Task prompt
Retype, without pictures, the line holding "Live at the" and each line below it through the final line.

====== Available records

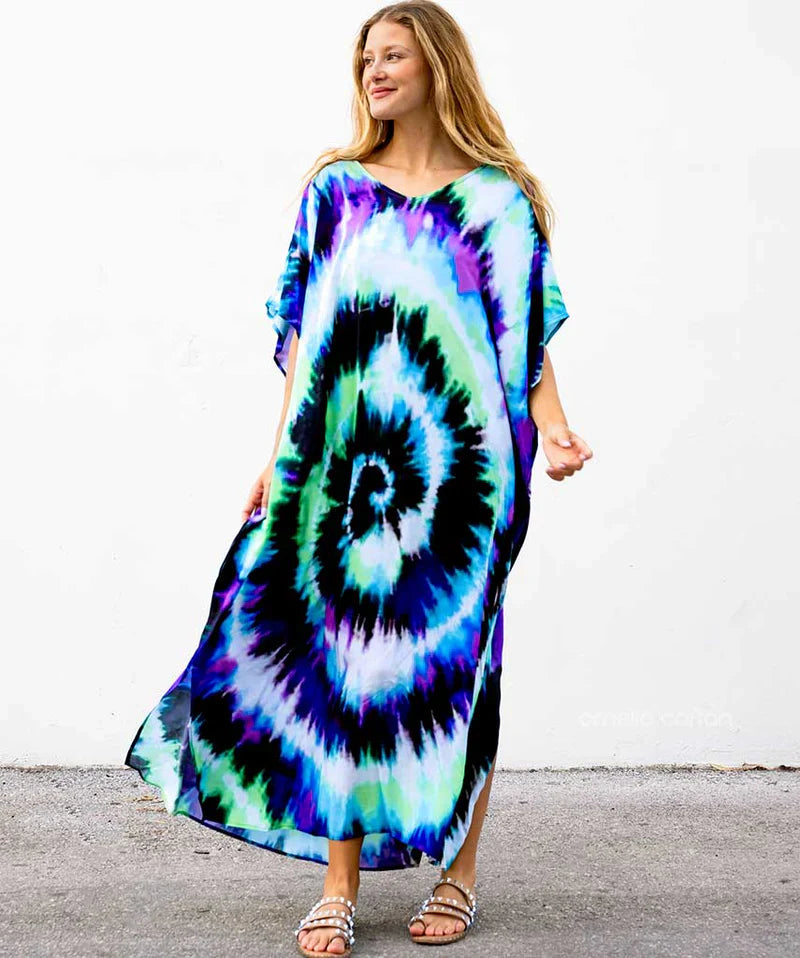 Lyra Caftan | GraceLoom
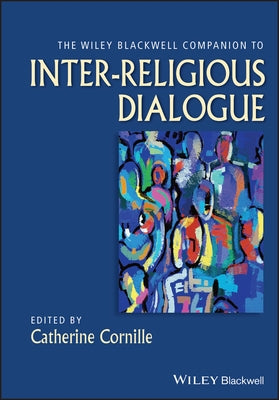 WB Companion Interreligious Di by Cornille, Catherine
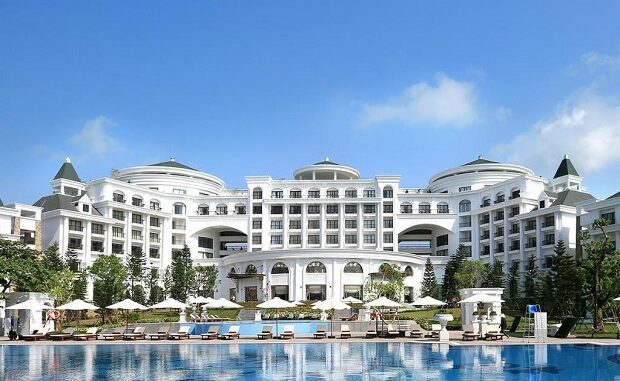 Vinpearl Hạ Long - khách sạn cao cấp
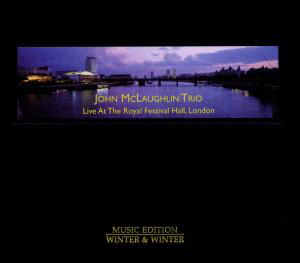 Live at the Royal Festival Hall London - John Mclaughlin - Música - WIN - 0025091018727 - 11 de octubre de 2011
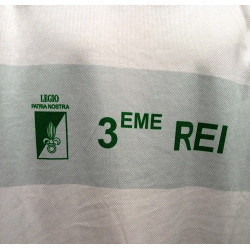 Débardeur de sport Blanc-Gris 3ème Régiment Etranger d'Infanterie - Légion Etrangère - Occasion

============

Result of this task
 Live at the Royal Festival Hall London - John Mclaughlin - Música - WIN - 0025091018727 - 11 de octubre de 2011
 Débardeur de sport Blanc-Gris 3ème Régiment Etranger d'Infanterie - Légion Etrangère - Occasion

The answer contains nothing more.